Records supplied:
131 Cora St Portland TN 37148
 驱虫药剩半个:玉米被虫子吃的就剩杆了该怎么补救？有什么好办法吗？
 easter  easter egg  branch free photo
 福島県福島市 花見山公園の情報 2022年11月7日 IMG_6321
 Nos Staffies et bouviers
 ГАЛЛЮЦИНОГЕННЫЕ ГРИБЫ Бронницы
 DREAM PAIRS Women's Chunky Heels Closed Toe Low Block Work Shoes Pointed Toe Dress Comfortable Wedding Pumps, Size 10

Your objective: Write out exactly the lines from the line containing "驱虫药剩半个:玉米被虫子吃的就剩杆了该怎么补救？有什么好办法吗？" to the end of the listing above, both included, and nothing else.

Exercise response:
 驱虫药剩半个:玉米被虫子吃的就剩杆了该怎么补救？有什么好办法吗？
 easter  easter egg  branch free photo
 福島県福島市 花見山公園の情報 2022年11月7日 IMG_6321
 Nos Staffies et bouviers
 ГАЛЛЮЦИНОГЕННЫЕ ГРИБЫ Бронницы
 DREAM PAIRS Women's Chunky Heels Closed Toe Low Block Work Shoes Pointed Toe Dress Comfortable Wedding Pumps, Size 10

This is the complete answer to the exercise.